I would never dream of trying to force anything on son if he don't want it, but he is so incredible skinny - you can see all ribs, pelvis etc in black and white....He does have energy, at least to game 12 hrs when they are having LAN parties LOL and today he said that if his friends wasn't going to the gym on Wednesday, he would go himself. Hurray!
Re: As oposed to over weight
13 Oct 2014, 17:31
This reminds me of my friend in a situation with her son a few years ago they said he was too short. No one in their family is tall except one son ( she has 4 boys) who is about 5 ft 7. The Mum, Dad and grandparents are all under 5ft 6. I don't quite know what they expected her to do about it. Stretch him! Wish the schools would have better sense sometimes.

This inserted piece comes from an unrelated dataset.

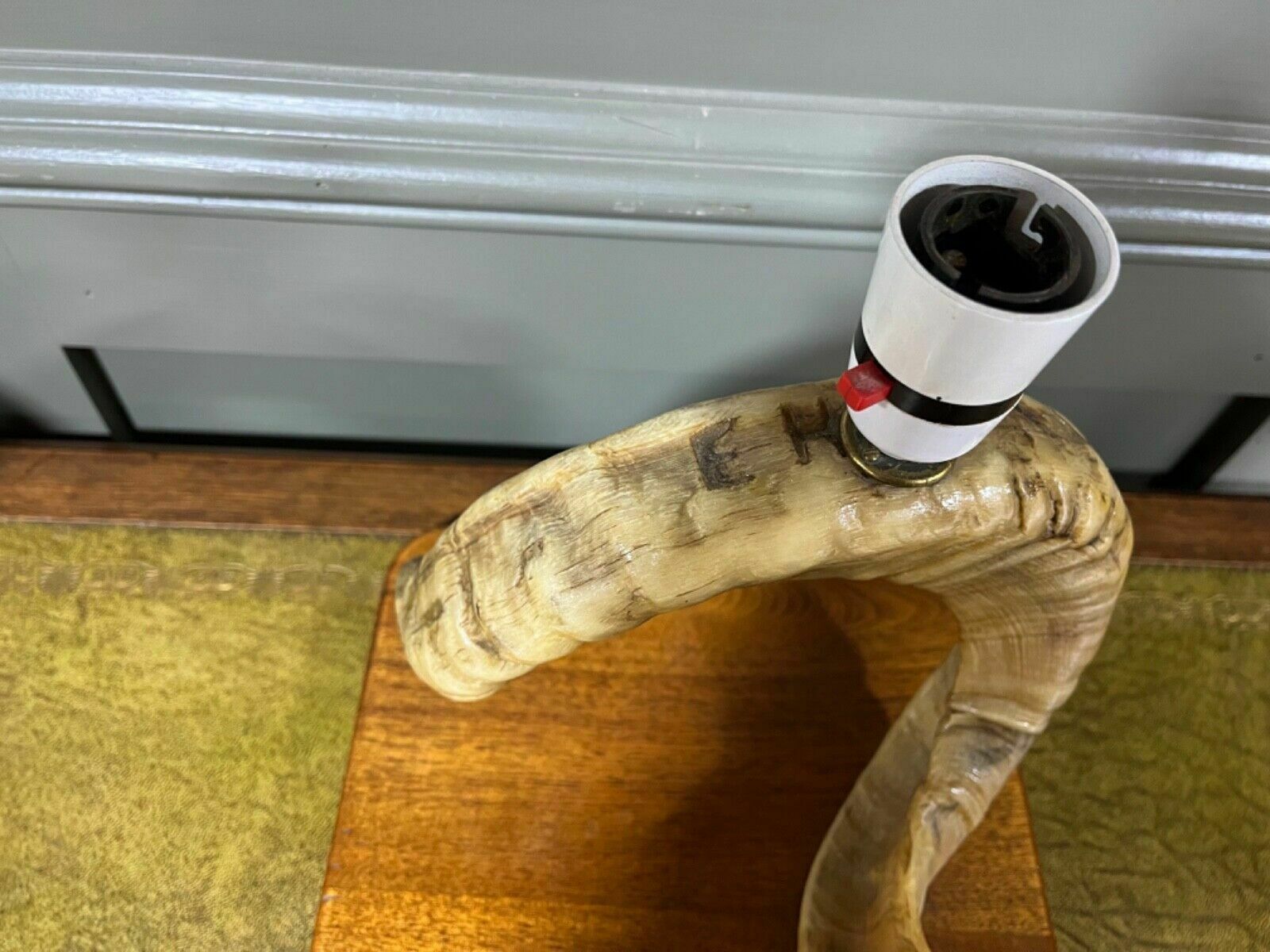 Pair Of Ram’s Horn Lamps Vintage Table Lights Original Ram’s Horn 1950’s photo 120.0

Re: As oposed to over weight
13 Oct 2014, 18:14
My son is full grown - 22 years old, and technically underweight, with a BMI of 18.4. He eats plenty, and usually healthily. His dad was exactly the same, perhaps even thinner. Son could use some sessions in the gym to build muscle, but he knows that, and he's too old to be told what to do :grin:
The BMI scale is just a reference tool, really, and just as a person can have a BMI in the overweight category and not be overweight, the converse can be true.
Re: As oposed to over weight
14 Oct 2014, 12:02
I don't know if son got some kind of epiphany moment after his visit to the school nurse, but after having his shake yesterday he lifted his shirt, pointed at his concave tummy (hope I go that right) and said "so when is this going to be filled out?" It will take many work outs and shakes I said :oops:
Later he told me that they (he and friends) would go to the gym efter school today, even if they have sports the last lesson and that he will go tomorrow too even if the others aren't so that will make at least 3 work outs this week :)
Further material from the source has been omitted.